→ What is being asked
A faithful transcript of all the lines below, with no pictures, is the goal here.

→ Recorded information
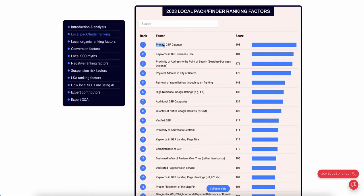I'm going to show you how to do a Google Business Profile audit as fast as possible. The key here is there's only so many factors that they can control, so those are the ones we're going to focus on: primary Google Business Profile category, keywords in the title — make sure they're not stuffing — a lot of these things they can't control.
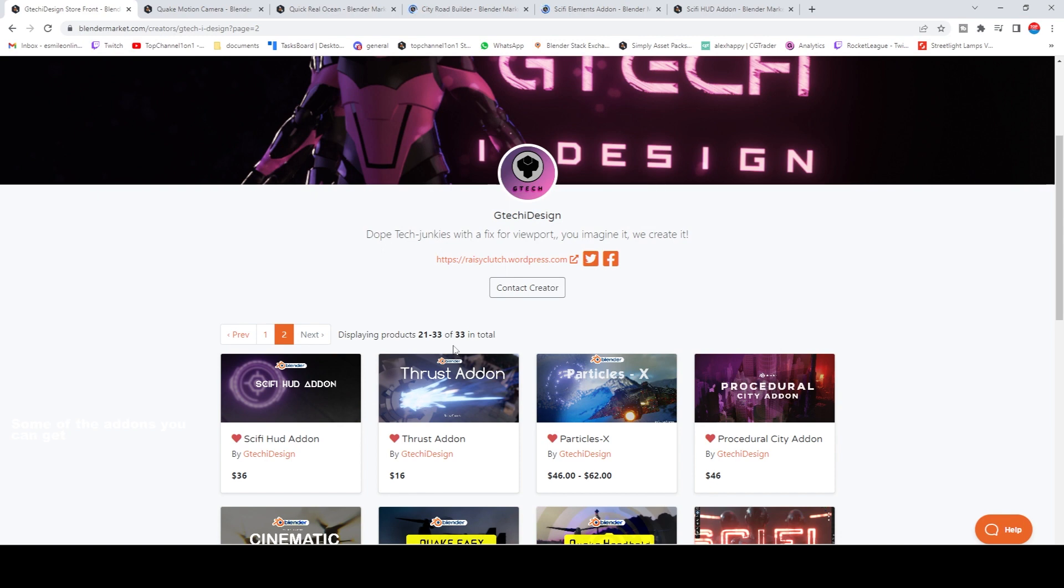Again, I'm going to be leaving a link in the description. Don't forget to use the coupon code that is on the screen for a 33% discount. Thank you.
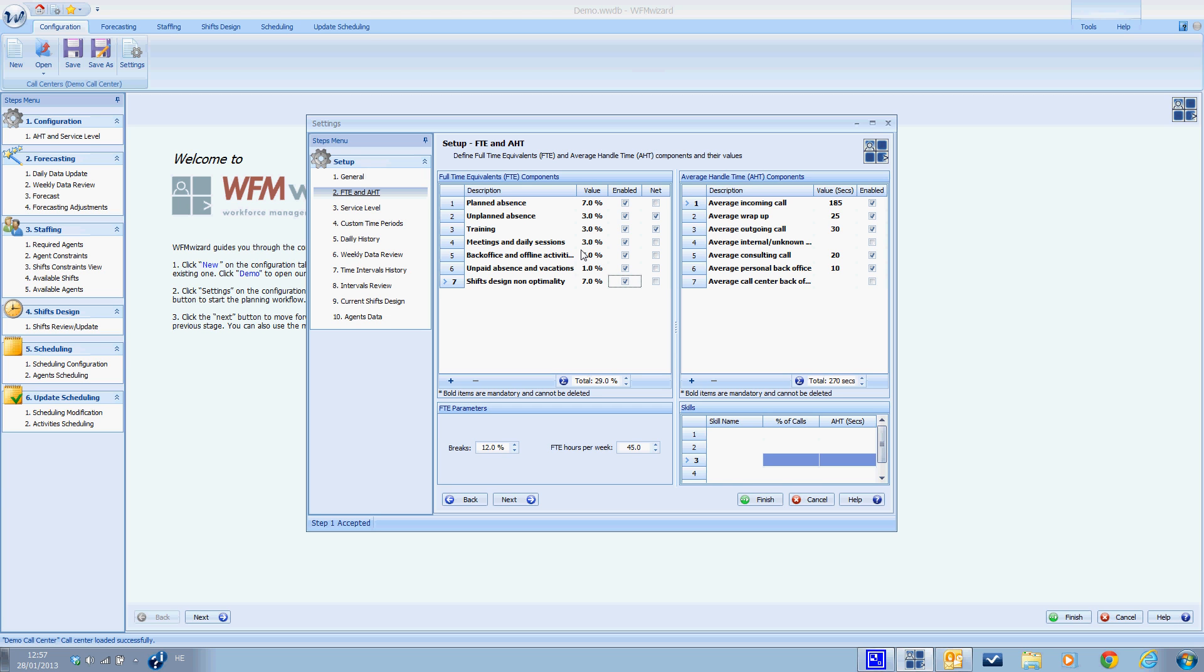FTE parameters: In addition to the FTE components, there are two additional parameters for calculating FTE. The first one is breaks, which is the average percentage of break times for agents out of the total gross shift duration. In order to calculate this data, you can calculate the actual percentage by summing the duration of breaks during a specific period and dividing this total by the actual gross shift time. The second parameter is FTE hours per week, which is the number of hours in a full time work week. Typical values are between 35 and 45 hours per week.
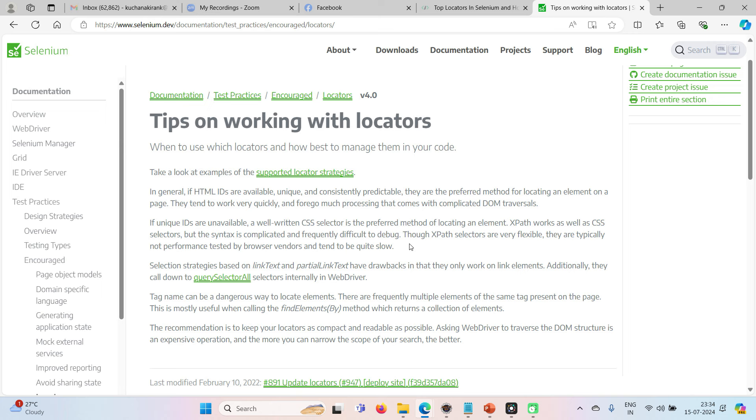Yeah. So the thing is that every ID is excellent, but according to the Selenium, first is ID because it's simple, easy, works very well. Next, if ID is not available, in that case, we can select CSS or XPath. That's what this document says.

→ Solution for this exercise
I'm going to show you how to do a Google Business Profile audit as fast as possible. The key here is there's only so many factors that they can control, so those are the ones we're going to focus on: primary Google Business Profile category, keywords in the title — make sure they're not stuffing — a lot of these things they can't control.
Again, I'm going to be leaving a link in the description. Don't forget to use the coupon code that is on the screen for a 33% discount. Thank you.
FTE parameters: In addition to the FTE components, there are two additional parameters for calculating FTE. The first one is breaks, which is the average percentage of break times for agents out of the total gross shift duration. In order to calculate this data, you can calculate the actual percentage by summing the duration of breaks during a specific period and dividing this total by the actual gross shift time. The second parameter is FTE hours per week, which is the number of hours in a full time work week. Typical values are between 35 and 45 hours per week.
Yeah. So the thing is that every ID is excellent, but according to the Selenium, first is ID because it's simple, easy, works very well. Next, if ID is not available, in that case, we can select CSS or XPath. That's what this document says.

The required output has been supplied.